By A Special Correspondent

It started with the gruesome murder of six Bengali-speaking people in Tinsukia district of Assam. Now it has escalated into a full scale operation. The Ulfa, Sulfa (the so-called 'surrendered' Ulfa) and other assorted groups are back in business. New recruitments to these banned outfits are on the rise. Mashal (torchlight) rallies and other muscle-flexing events are conducted frequently. They are spreading a reign of terror designed to make the business community loosen their purse strings through fear.

In quick succession this week, first the manager of Timonhabi Tea Estate in Sonari was kidnapped, then a businessman from Lanka was asked to pay Rs 30 lakhs or face the consequences and finally, a grenade blast was triggered in a shop at Demow in Sibsagar district of the state.
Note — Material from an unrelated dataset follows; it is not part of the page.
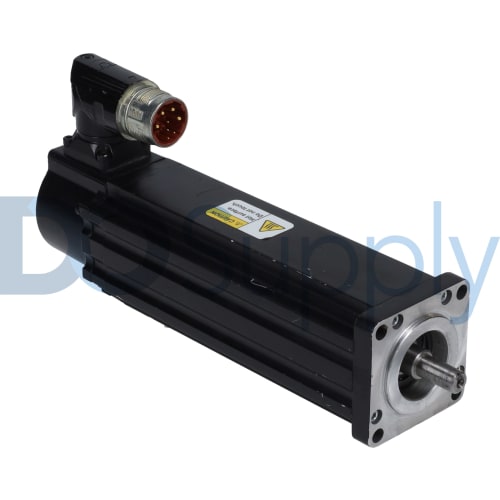 Allen Bradley VPL-B0633T-PK14AA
There is still no news of the kidnapped manager while the person who made the threat call in Lanka has been arrested by the police as the businessman had the courage to report the incident. The blast in Demow killed a customer and the brother of the shop owner.

It seems that Assam is moving back in time. The current incidents bring back the chilling situation witnessed in the eighties and nineties when abductions, murders and ransom demands were the order of the day. It also seems that change of government has no effect on these bands of marauders whose basic aim is to collect as much money before the government crackdown.

The business community in upper Assam is confused and dismayed that the government is not taking any steps to nip the problem in the bud. They say that once these gangs smell the scent of money, it will be very difficult to contain them. Easy money attracts unemployed youth in droves and newer gangs sprout every day. These gangs adopt newer strategies to milk the largely non-Assamese business community. The police have to be proactive in taking steps against these gangs. But for this to happen, the business community needs to shed its fear and report even the smallest of incidents.